What Happened
More than 40 million people now ask ChatGPT health-related questions every day, according to a March 6, 2026 report from Axios. One in four of ChatGPT's roughly 800 million regular users submits a health prompt every week.
The scale is staggering, but the accuracy is concerning. A study published in Nature found that ChatGPT under-triaged approximately half of health care emergencies in researcher testing. That means the model told people their situation was less urgent than it actually was - a dangerous failure mode when someone is deciding whether to go to the ER.

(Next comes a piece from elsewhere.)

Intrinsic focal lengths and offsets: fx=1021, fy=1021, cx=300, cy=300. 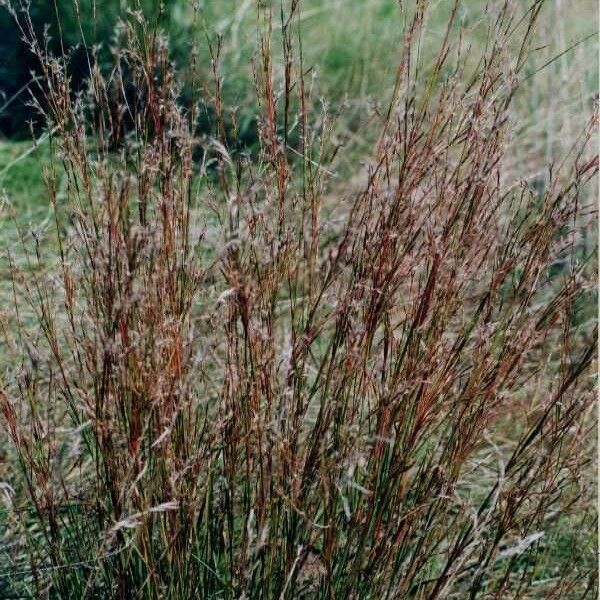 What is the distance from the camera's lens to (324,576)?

There is a significant improvement with newer models, though. OpenAI's GPT-5 correctly refers emergency cases nearly 99% of the time, according to the report. American Medical Association CEO John Whyte weighed in with a warning: "Too often people are using this as an expert and not as an assistant."
Why It Matters
This is the largest unofficial medical consultation system ever created, and it happened without any regulatory framework, clinical validation process, or informed consent. 40 million daily health queries is more than most national health systems handle.
The core problem is not that AI gives bad medical advice - it is that most people using it cannot tell when the advice is wrong. If you are a doctor, you can spot when ChatGPT suggests something inappropriate. If you are the average person Googling symptoms at 2 AM, you probably cannot.
The under-triage finding from Nature is particularly alarming. Over-triaging (telling someone to go to the ER when they did not need to) wastes time and money. Under-triaging (telling someone they are fine when they are not) can kill people. Getting it wrong in that direction 50% of the time is not a rounding error.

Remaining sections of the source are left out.